The global lockdown has had a significant impact on the ability of religious communities to gather and offer support in times of stress and illness. In this post, Dr. Romina Istratii draws on her research conducted with Ethiopian and Eritrean Orthodox Täwahәdo adherents in Northern Ethiopia and London to describe the role of religious communities and how these roles, traditions, and practices can take on an increasingly significant role for migrants in the UK. In particular, the pastoral role of the church in providing solace and comfort in times of increased stress and illness, the reliance on church activities for social interaction and activities, the role of the church in mediating domestic abuse, and the ability of church members to seek spiritual or psychological relief. Although activities such as prayer and weekly bible studies continue on-line, it is the pastoral and support roles of the church, argues Istratii, which are most affected by the global lockdown, increasing stress and risk for migrants in the UK.
If you find this piece of interest please visit our Faith and Displacement Series or see the recommended reading at the end of this piece.
Contemplating the impact of restrictions on the religious life of ethnic minority and migrant communities during the Covid-19 pandemic
by Dr. Romina Istratii, SOAS University of London.

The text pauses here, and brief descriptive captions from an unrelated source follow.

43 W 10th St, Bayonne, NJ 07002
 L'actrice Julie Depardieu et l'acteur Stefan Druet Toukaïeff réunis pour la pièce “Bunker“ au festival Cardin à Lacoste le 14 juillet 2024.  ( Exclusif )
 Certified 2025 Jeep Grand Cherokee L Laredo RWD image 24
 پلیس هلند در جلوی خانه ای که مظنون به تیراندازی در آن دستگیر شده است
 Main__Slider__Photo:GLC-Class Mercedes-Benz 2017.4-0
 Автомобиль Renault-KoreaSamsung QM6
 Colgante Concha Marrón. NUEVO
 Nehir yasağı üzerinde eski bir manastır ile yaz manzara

Extensive concerns have been raised about the disproportionate effects of the outbreak of Covid-19 on ethnic minorities in the UK, especially mediated through health risks and income loss. However, less attention has been paid to the impact of the shutdown through restrictions on the religious life of ethnic minority and migrant communities. The effects of religious experience are diverse and depend on various parameters, including the cultural fabric that individuals are socialized in theological and exegetical specificities and individual personality characteristics. As states adopt strategies to respond to the crisis, the epistemological, social, and spiritual influence of religious beliefs should be carefully considered for all communities, but especially irregular migrants who may face additional barriers in accessing health services and may find refuge in religious community life. Religious gatherings, like other social gatherings, could have provided an early conduit for virus spread, but they also serve important roles that need to be acknowledged and could be leveraged in addressing the pandemic’s consequences.